Sempra Generation's president, Michael Allman, says Sempra will be able to take the tax deduction on most of the capital expenditures on the project within the first year of operation. Another benefit to Mexico's tax measure is that, unlike the PTC in the US, the law does not have a sunset date requiring lawmaker action to extend it into the future. It is a stable policy for this project, further expansions, and other projects in Mexico.
Allman says he "hopes" Sempra will go beyond the purchase of La Rumorosa and further into the wind market. He adds that the La Rumorosa site has potential for as much as 1000 MW of wind and Sempra will pursue further contracts with California utilities for wind up to that level. Hardke says interconnection studies are underway to verify there is adequate room on the nearby transmission line for the initial 250 MW project with no wire upgrade. Both Sempra and Cannon are optimistic about making an additional 750 MW a reality. To achieve that, Cannon plans on building a 230 to 500 kV substation on the Mexico side to carry up to 1100 MW.
Beyond a potential expansion at La Rumorosa, Allman says: "We are looking for other opportunities generally in our region -- let's call it the Western, Pacific Southwest, Northern Mexico region. We may consider some projects depending on a number of things...it wouldn't surprise me at all if in couple years we have additional projects in the wings."
Sempra's tax burden in Mexico may play a strong role in the company's initial push into wind, but its larger interest is driven by California's renewables portfolio standard (RPS), which legislates for a minimum of 20% renewables in the supply portfolio by 2010. "[Sempra] has gotten the message loud and clear from California regulators -- both the RPS side and on the greenhouse gas side -- that the regulators are serious about seeing a high level of renewables in California," says Cannon's Hardke.
Matt Freedman with The Utility Reform Network (TURN), a lobby group, agrees. "Sempra is looking at the market and saying: well, the RPS is here to stay, demand is ramping up for renewables, and we've got a pretty reliable market to sell our power to. It's that kind of certainty that is providing the right climate for long term commitments from developers. That's a demonstration that the RPS program is working."

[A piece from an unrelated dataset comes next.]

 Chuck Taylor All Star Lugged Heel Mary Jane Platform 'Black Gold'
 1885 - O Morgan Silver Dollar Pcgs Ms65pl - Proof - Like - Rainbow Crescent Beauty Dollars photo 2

Freedman wonders what sort of corporate player Sempra will be in the wind market. "Sempra Generation has the contract with the California Department of Water Resources that has been maligned for being a complete rip-off. They have been one of the bad actors in the California energy crisis -- some of us will not forget that. That being said, we're not holding their wind projects against them. The more players in market from the sell side, the better -- we're always happy to see competition for wind power supply."